Here it comes again, in an acute form, one of the most agonising questions for anyone who cares about the natural world: can Africa's wonderful wildlife ever be effectively protected?

It is being thrown into sharp relief by the killing this year, in four separate incidents, of nine mountain gorillas in the Virunga National Park in the Democratic Republic of the Congo (DRC). Mountain gorillas are among the world's rarest animals; there are only about 700 left, in two populations, one in the Virunga region, and one in the Bwindi Impenetrable Forest in Uganda.

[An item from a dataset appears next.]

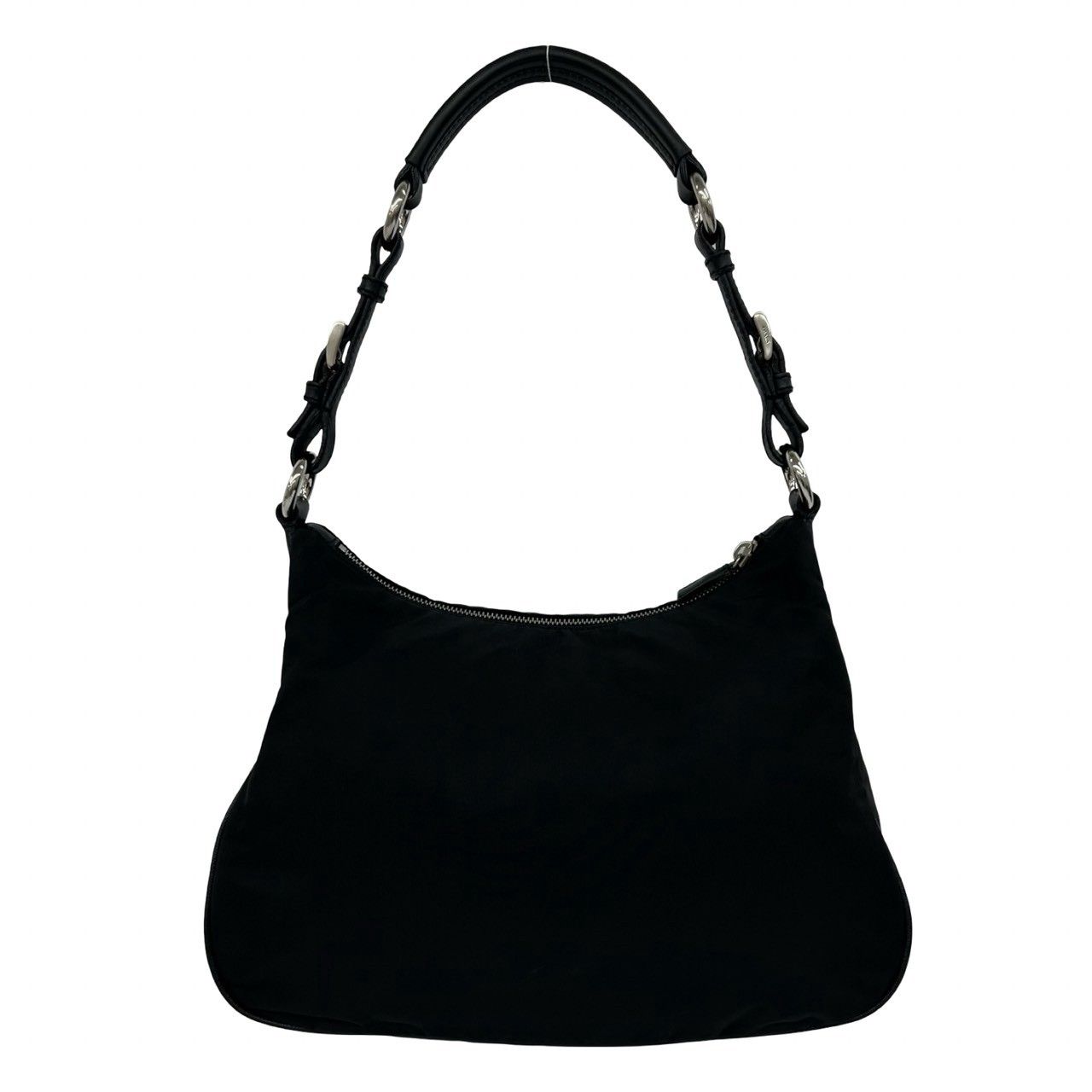 Prada Triangle Logo Tessuto Nylon Leather Shoulder Bag Black — view 3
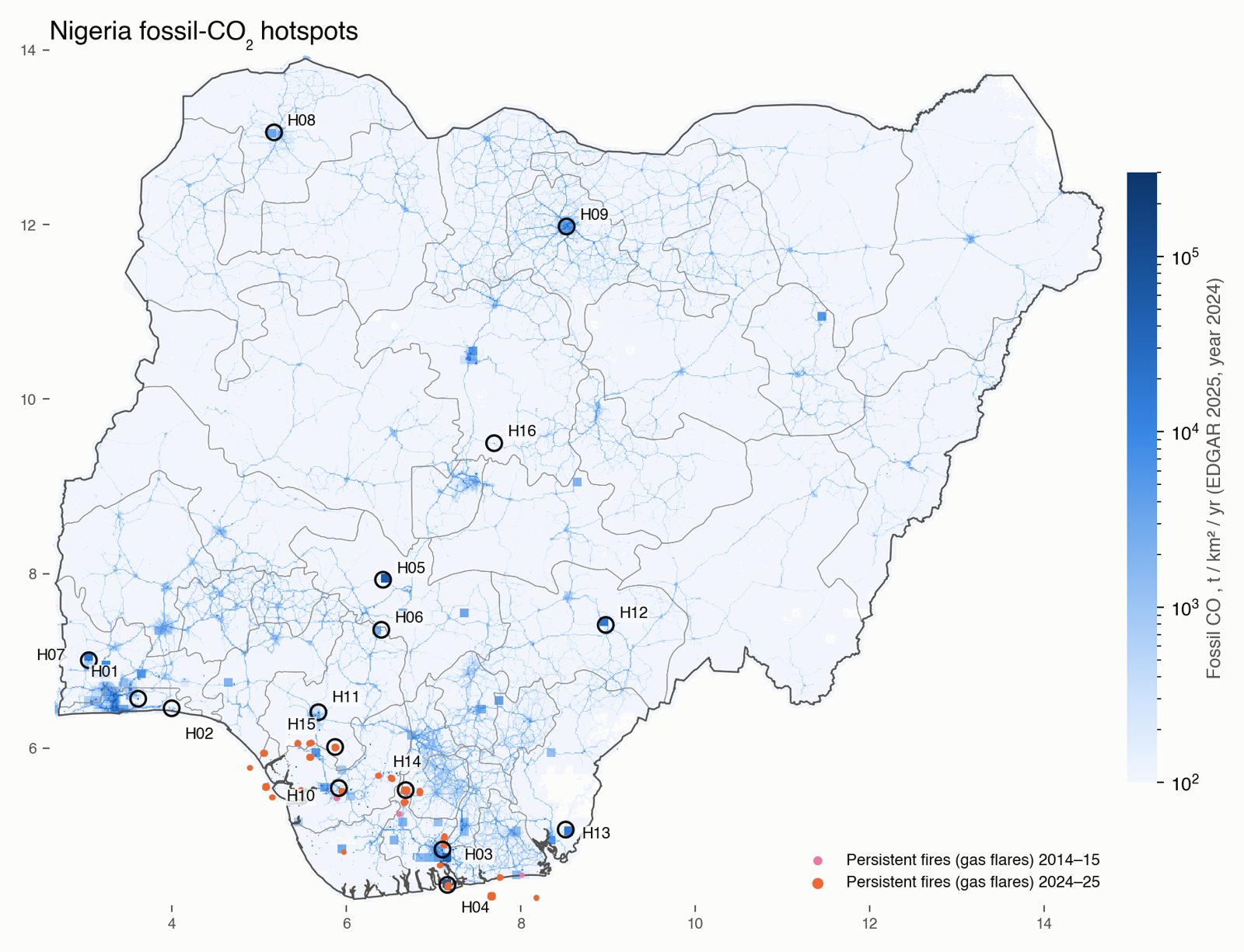 Map of Nigeria fossil CO2 emissions with 16 hotspots and gas flares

But they're not only very rare, they're very special. Although all creatures surely have equal worth, it remains the case that some appeal to us more than others - the ones that serious zoologists sometimes lump together and label, with a sarcastic suggestion of the celebrity culture invading even natural history, charismatic megafauna. Tigers, giant pandas, golden eagles, dolphins, orchids - you couldn't really argue that most of us aren't drawn to them more than we are to rats and goldfish, spiders and lichens. And in that megafauna list, few creatures have more charismatic appeal than Gorilla berengei berengei.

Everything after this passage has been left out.